The mark array stores pairs of (start_ptr, end_ptr) for each capture group, indexed as mark[2*group] and mark[2*group+1]. Group 0 is the overall match. Group pointers are relative to beginning, converted to integer offsets only when building the MatchObject result.

sre_match opcode dispatch

sre_match is a tight switch-based dispatch loop over the compiled pattern's opcode stream. Each case reads its operand(s) from the pattern buffer, advances state->ptr on success, or returns 0 (failure) to trigger backtracking. The function returns state->ptr (non-NULL) on success.

// CPython: Modules/_sre.c:400 sre_match
static const void *
sre_match(SRE_STATE *state, SRE_CODE *pattern)
{
const void *ptr = state->ptr;
...
for (;;) {
switch (*pattern++) {
case SRE_OP_LITERAL:
if (ptr >= end || SRE_CHAR(ptr) != (SRE_CODE)pattern[0])
return NULL; /* fail */
ptr = SRE_NEXT(ptr);
pattern++;
break;

case SRE_OP_ANY:
/* match any character except newline */
if (ptr >= end || SRE_IS_LINEBREAK(SRE_CHAR(ptr)))
return NULL;
ptr = SRE_NEXT(ptr);
break;

case SRE_OP_AT:
if (!sre_at(state, ptr, *pattern++))
return NULL;
break;

case SRE_OP_BRANCH: {
/* try each branch; restore ptr on failure */
const void *saved = ptr;
SRE_CODE *branch = pattern;
while (*branch) {
state->ptr = saved;
if (sre_match(state, branch + 1))
return state->ptr;
branch += *branch;
}
return NULL;
}

case SRE_OP_SUCCESS:
state->ptr = ptr;
return ptr;

case SRE_OP_FAILURE:
return NULL;

...
}
}
}

SRE_OP_AT delegates to sre_at, which handles AT_BEGINNING, AT_END, AT_WORD_BOUNDARY, and their Unicode-aware variants. SRE_OP_BRANCH is the backtracking core: it saves ptr and tries each alternative in the compiled branch list.

sre_search scan loop and possessive/atomic groups

sre_search wraps sre_match in a loop that advances the start position one character at a time until the pattern matches or the subject is exhausted.
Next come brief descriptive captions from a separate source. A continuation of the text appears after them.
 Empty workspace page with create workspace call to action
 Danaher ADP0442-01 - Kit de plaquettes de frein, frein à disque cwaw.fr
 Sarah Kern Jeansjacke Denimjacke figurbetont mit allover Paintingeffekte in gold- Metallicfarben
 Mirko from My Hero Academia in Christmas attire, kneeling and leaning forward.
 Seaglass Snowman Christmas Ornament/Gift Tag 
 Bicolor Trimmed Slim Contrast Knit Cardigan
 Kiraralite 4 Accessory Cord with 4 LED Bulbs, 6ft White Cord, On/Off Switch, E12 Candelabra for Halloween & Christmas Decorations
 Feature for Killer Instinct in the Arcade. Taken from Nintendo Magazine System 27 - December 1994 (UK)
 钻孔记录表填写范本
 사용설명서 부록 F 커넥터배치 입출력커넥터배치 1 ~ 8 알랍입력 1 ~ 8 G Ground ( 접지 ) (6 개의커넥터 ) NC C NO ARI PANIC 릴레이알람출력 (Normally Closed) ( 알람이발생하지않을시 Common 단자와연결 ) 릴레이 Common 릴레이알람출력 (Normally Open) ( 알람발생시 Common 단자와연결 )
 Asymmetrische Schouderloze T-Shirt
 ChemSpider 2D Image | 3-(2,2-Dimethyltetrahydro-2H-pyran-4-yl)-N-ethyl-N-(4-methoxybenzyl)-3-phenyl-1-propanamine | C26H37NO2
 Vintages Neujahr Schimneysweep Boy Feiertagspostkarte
Anchor opcodes (SRE_OP_AT AT_BEGINNING) allow an early-exit optimisation that skips the scan entirely.

// CPython: Modules/_sre.c:610 sre_search
static const void *
sre_search(SRE_STATE *state, SRE_CODE *pattern)
{
const void *ptr = state->start;
const void *end = state->end;
int flags = 0;

/* check for prefix literal that lets us skip ahead */
if (pattern[0] == SRE_OP_INFO) {
/* INFO block carries prefix string and flags */
...
}

while (ptr <= end) {
state->ptr = ptr;
state->start = ptr;
if (sre_match(state, pattern))
return state->ptr;
if (ptr >= end) break;
ptr = SRE_NEXT(ptr);
}
return NULL;
}

Possessive quantifiers (?+, *+, ++) and atomic groups ((?>...)) are represented by SRE_OP_POSSESSIVE_REPEAT and SRE_OP_ATOMIC_GROUP. Both opcodes run the inner pattern exactly once (no backtrack stack entry) and cut off any alternative that would require backing out of the already-consumed input.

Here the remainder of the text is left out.